> **Assignment**:
Nothing but the lines from the first line of the material below through the line that holds "LEGO Technic Kipplaster" should be set down, exactly and with pictures left out.

> **Provided data**:
☆ ☆ ☆

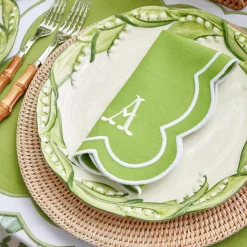 Mrs. Alice Table Linen Sets|Serena Applique Green Placemats & Napkins (Set Of 4)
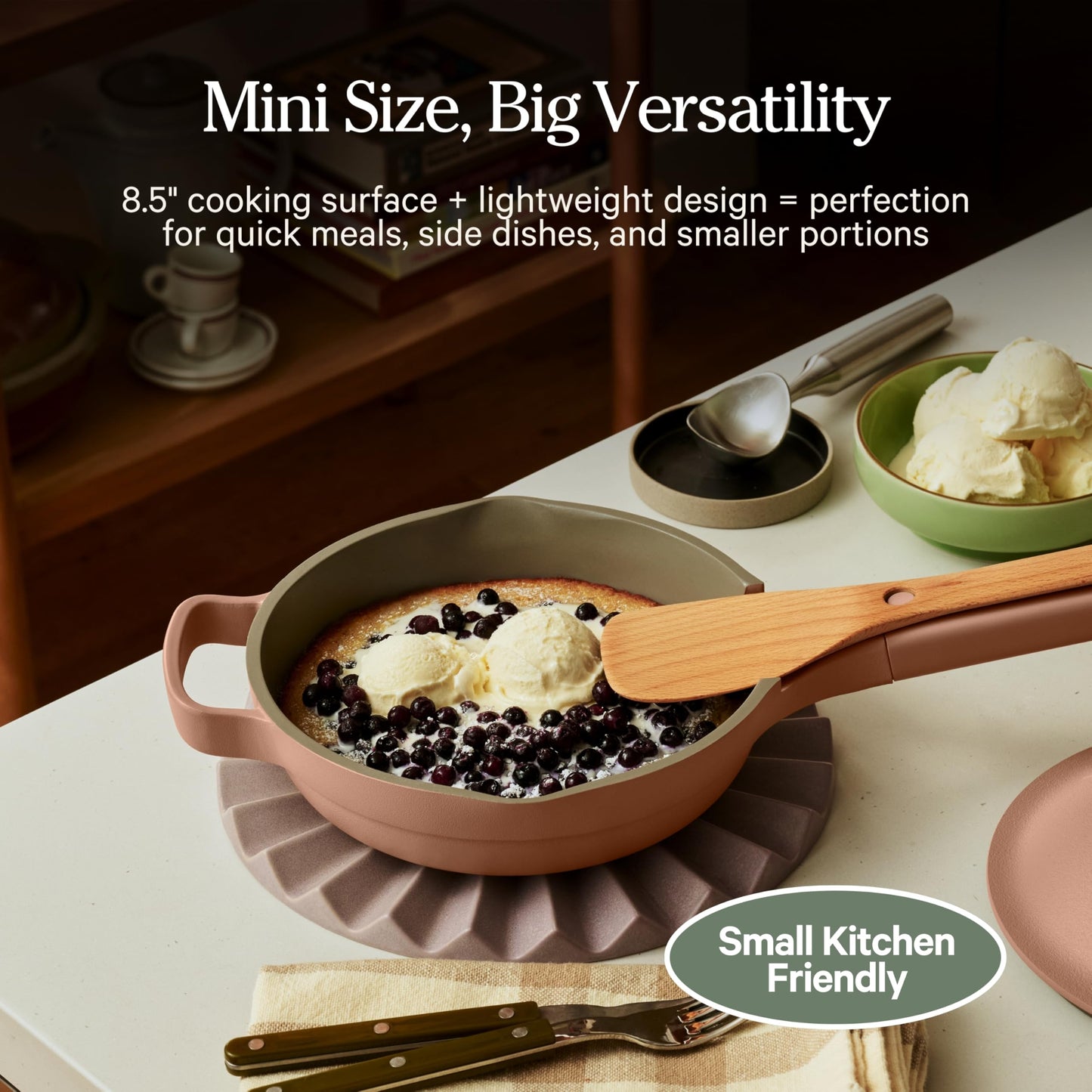 Our Place Mini Always Pan | 8.5" Ceramic Pan with Modular Lid & Beechwood Spatula | Patented 10-in-1 Nonstick, Non-Toxic Cookware Made Without PFAS | Induction & Oven-Safe up to 450°F | Spice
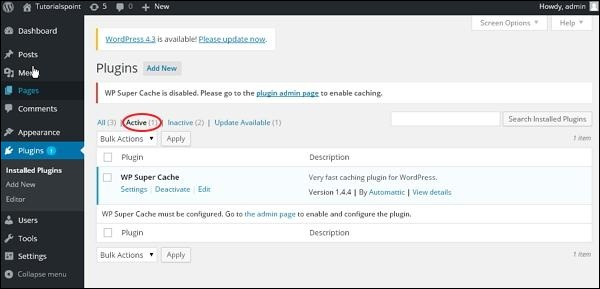 WordPress plug-in settings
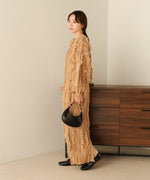 mix fringe 2way knit cardigan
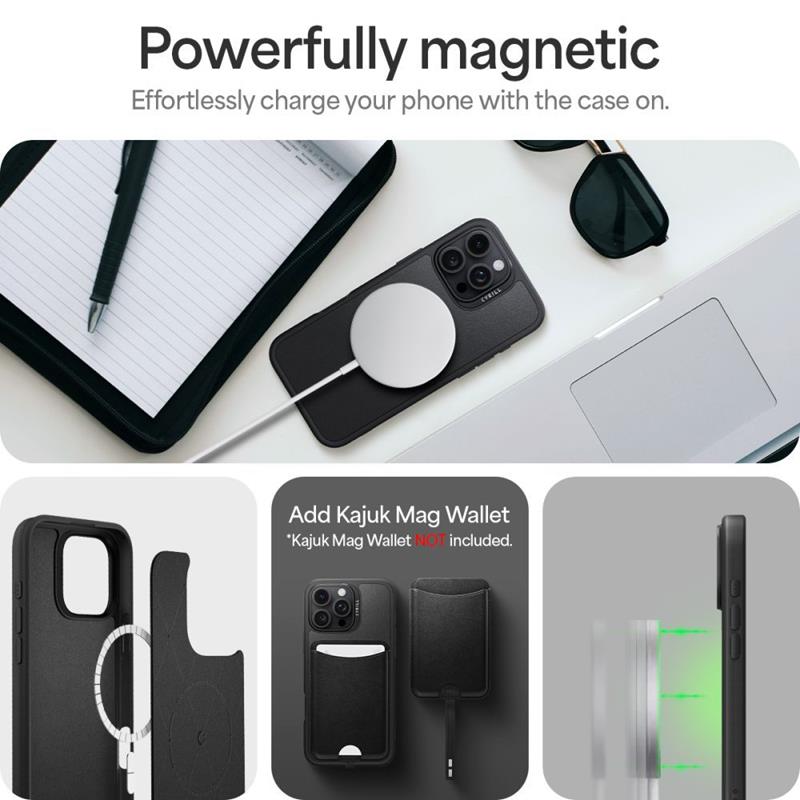Spigen Cyrill Kajuk Classic Charm Mag MagSafe – dėklas, skirtas „iPhone 16 Pro Max“ (juodas)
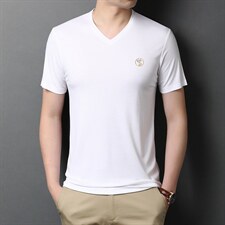 爸爸夏装冰丝polo衫薄款男士短袖t恤中年人商务休闲时尚百搭衣服，男装T恤，电商B212（原钱塘6029）
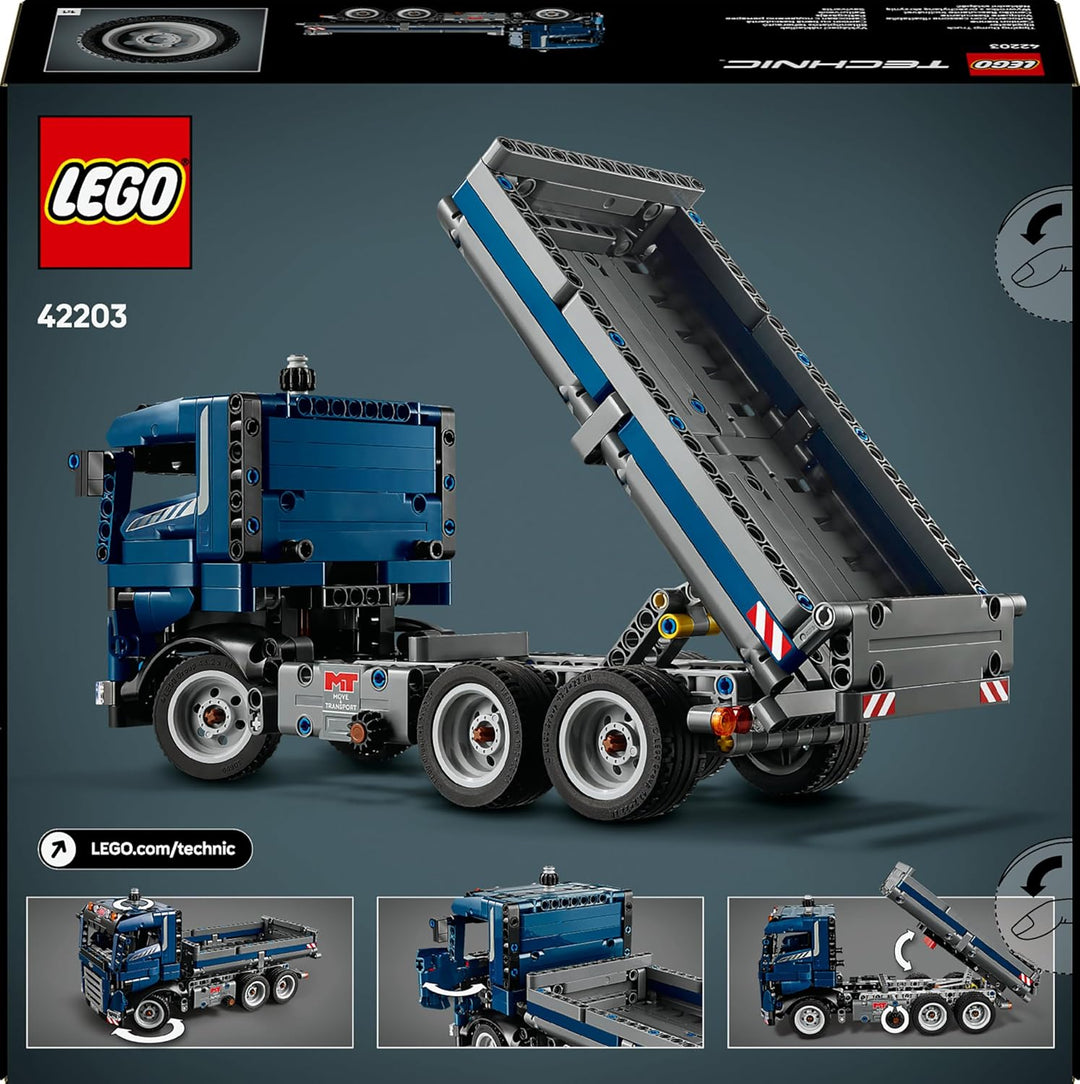 LEGO Technic Kipplaster Spielzeug mit Lenkung und beweglicher Kippmulde - blaues Baufahrzeug - Gesch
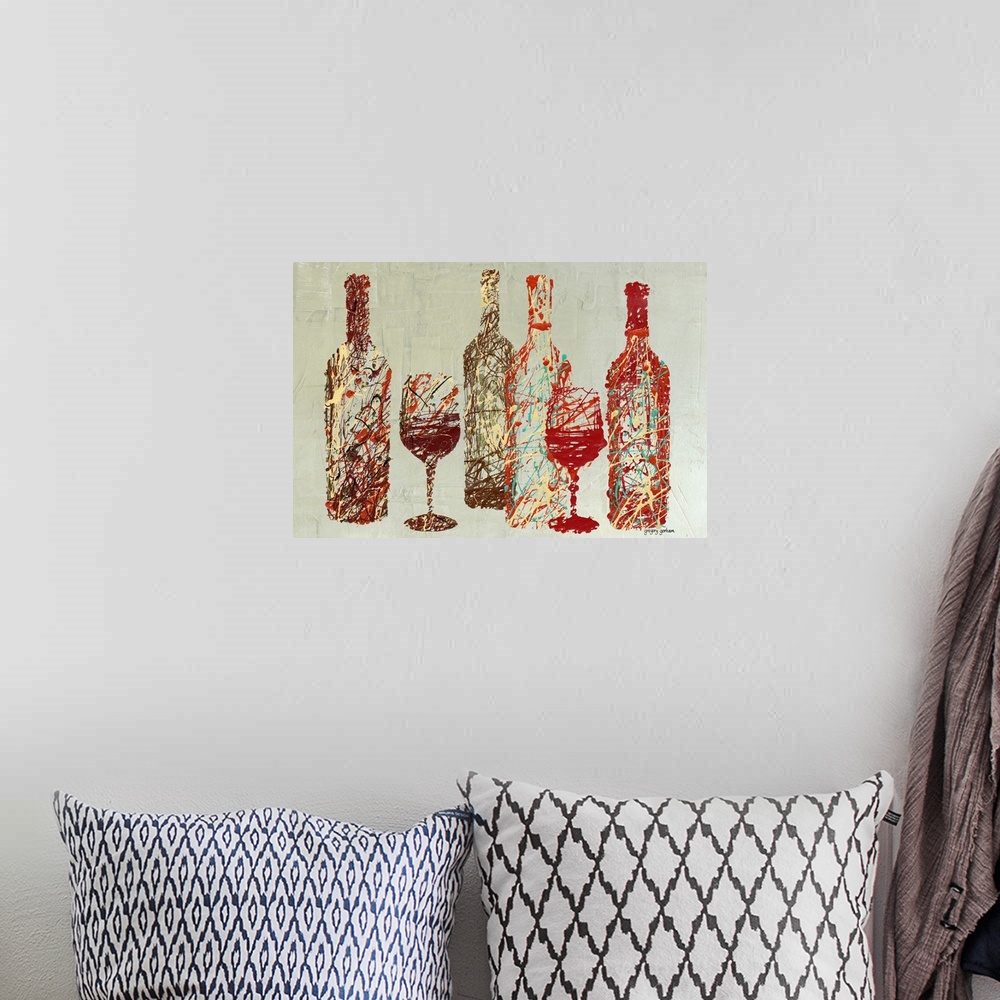 A bohemian room featuring Contemporary, abstract interpretation of wine bottles and glasses.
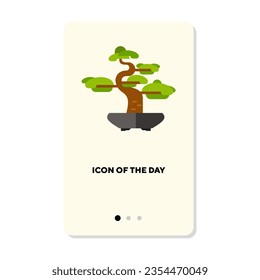 Bonsai tree flat icon. Tree in pot isolated sign. Nature, wildlife, adventure concept. Vector illustration symbol elements for web design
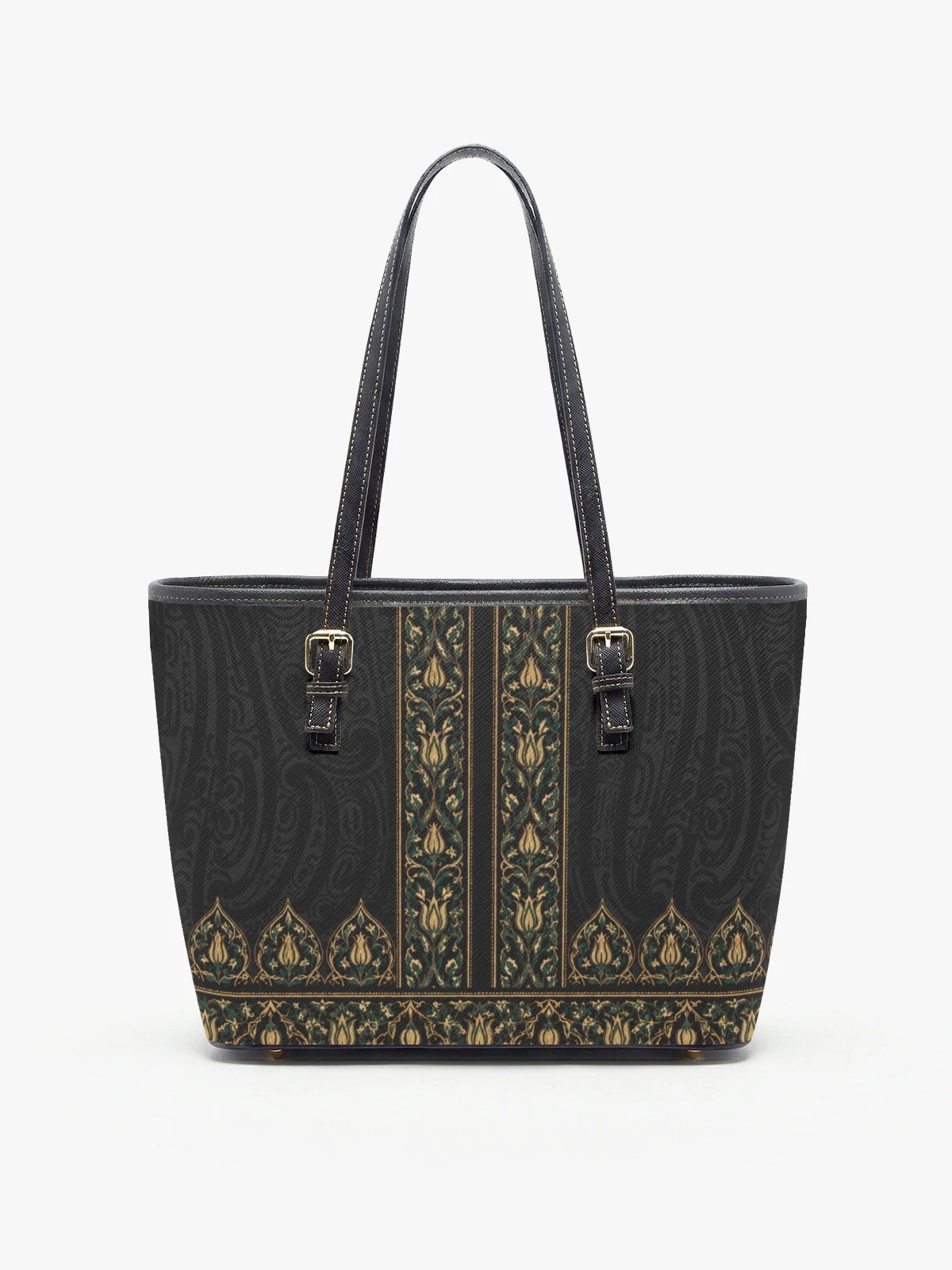 Black Shoulder Bag with Floral Print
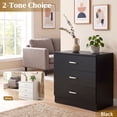thumbnail image 5 of Ubesgoo 3 Drawer Dresser, Modern Storage Chest with Spacious Drawers, Black Bedroom Dresser Organizer Cabinet for Bedroom, Living Room and Home Office, 5 of 11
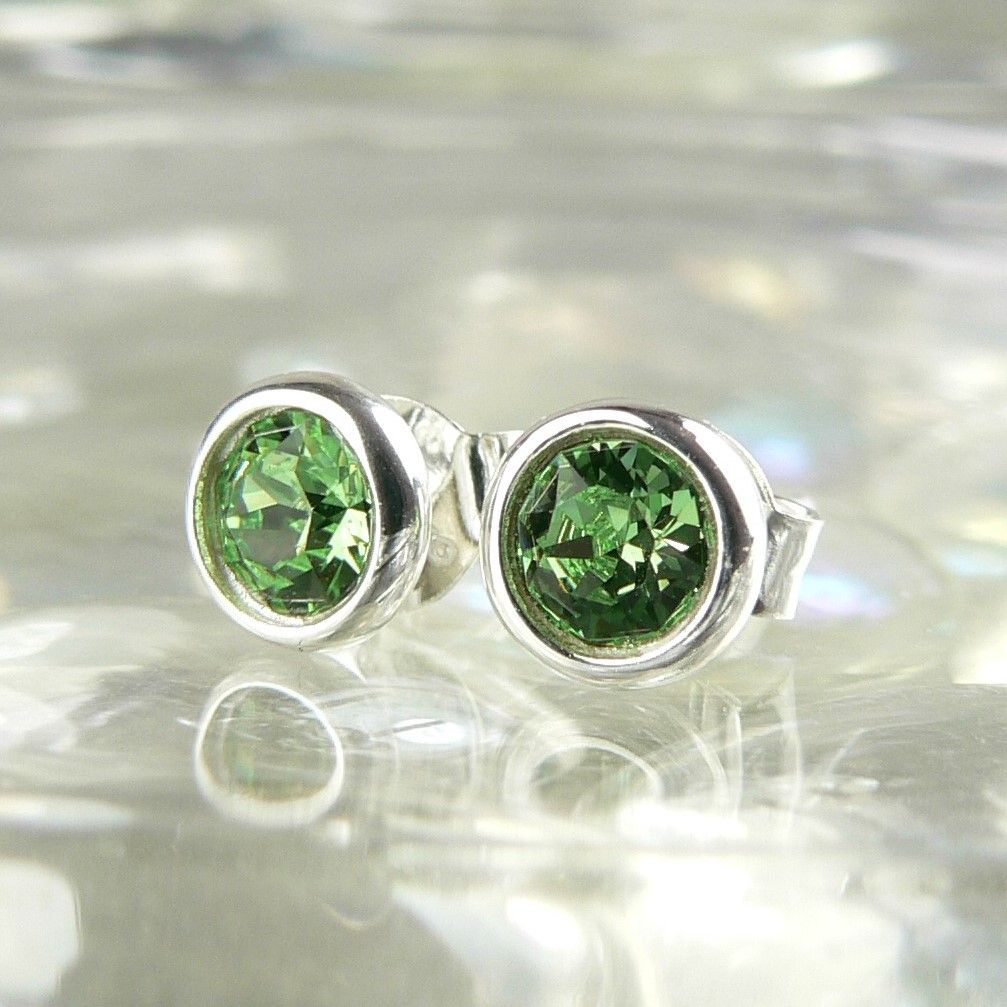 5.5mm sterling silver stud earrings made with Peridot Swarovski Elements in a gift box (green)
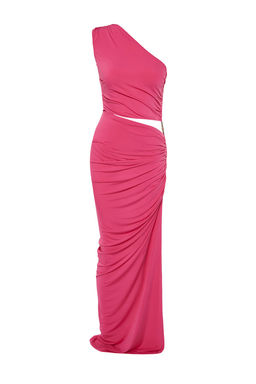 Limited Edition Fusya Vucuda Oturan Aksesuarl? Gece Uzun Abiye Elbise TPRSS24AE00046 - Trendyolmilla фото 7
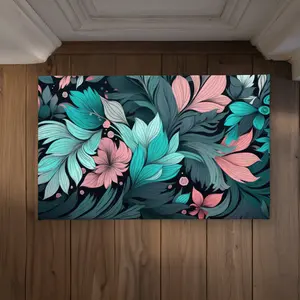 MWW CODM2134P4NW35 21 x 34 in. Neon Leaves Pink Indoor & Outdoor Door Mat - Home Decor Essential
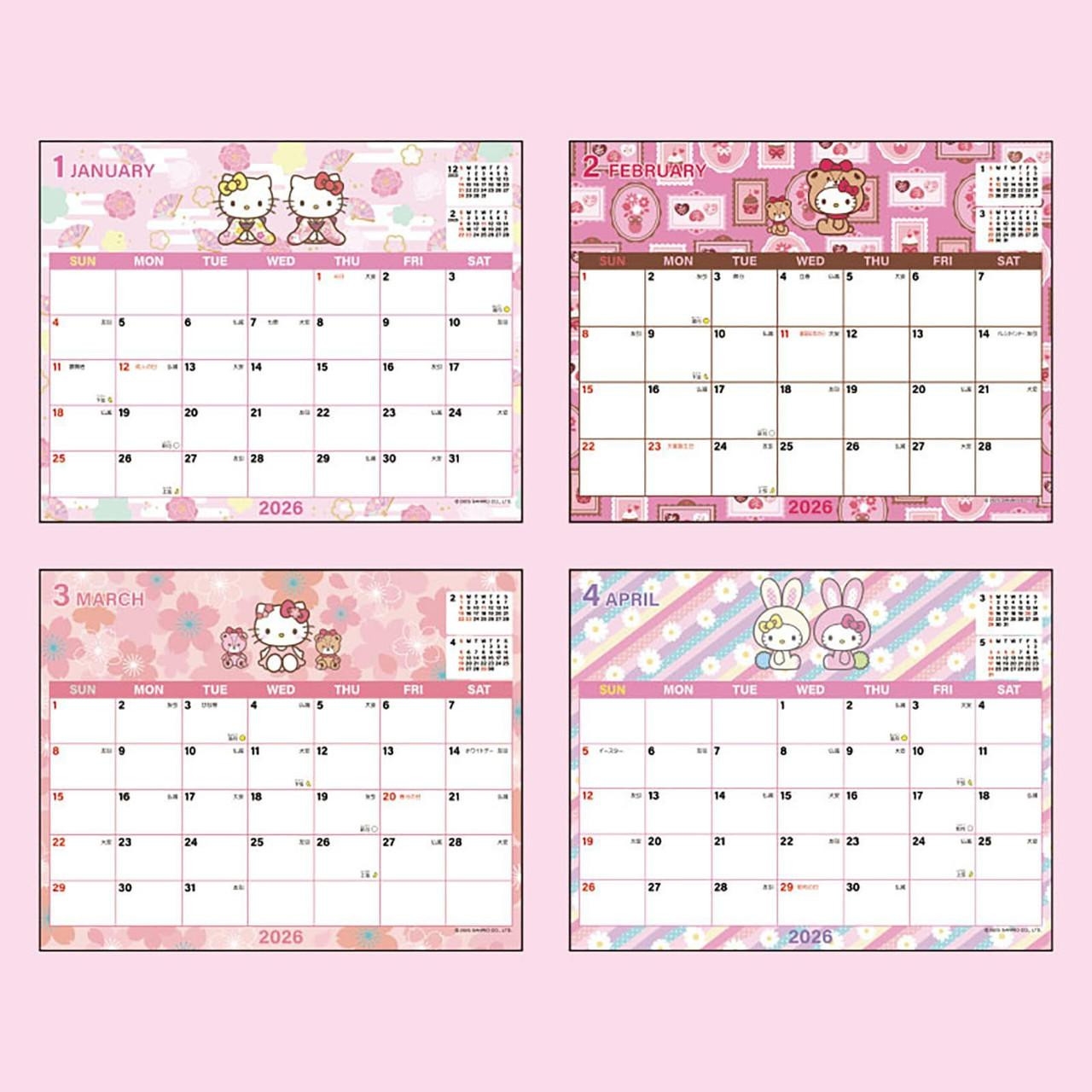Hello Kitty 2026 Calendar Printable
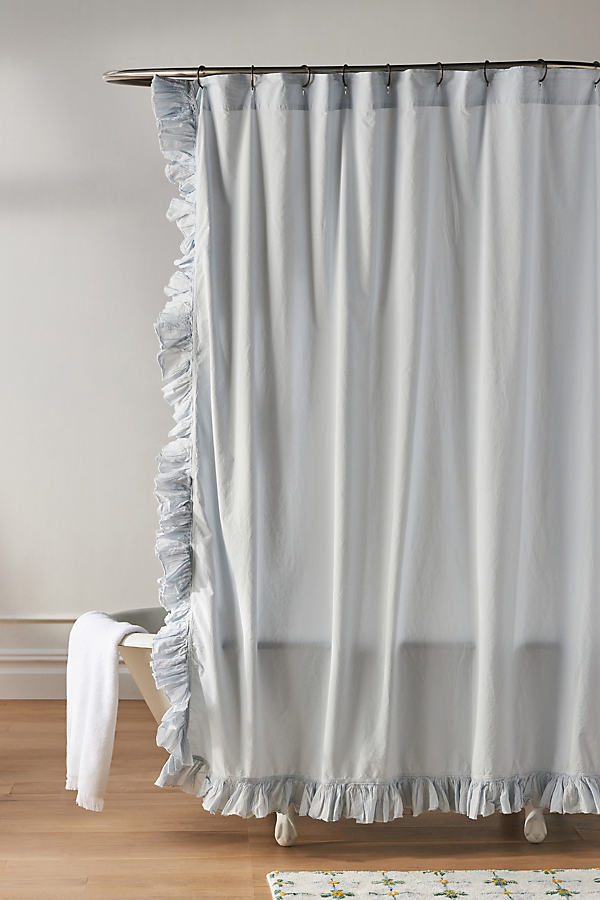 Shop Anthropologie Ruffled Shower Curtain In Blue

☆ ☆ ☆

> **Response to the task**:
 Mrs. Alice Table Linen Sets|Serena Applique Green Placemats & Napkins (Set Of 4)
 Our Place Mini Always Pan | 8.5" Ceramic Pan with Modular Lid & Beechwood Spatula | Patented 10-in-1 Nonstick, Non-Toxic Cookware Made Without PFAS | Induction & Oven-Safe up to 450°F | Spice
 WordPress plug-in settings
 mix fringe 2way knit cardigan
Spigen Cyrill Kajuk Classic Charm Mag MagSafe – dėklas, skirtas „iPhone 16 Pro Max“ (juodas)
 爸爸夏装冰丝polo衫薄款男士短袖t恤中年人商务休闲时尚百搭衣服，男装T恤，电商B212（原钱塘6029）
 LEGO Technic Kipplaster Spielzeug mit Lenkung und beweglicher Kippmulde - blaues Baufahrzeug - Gesch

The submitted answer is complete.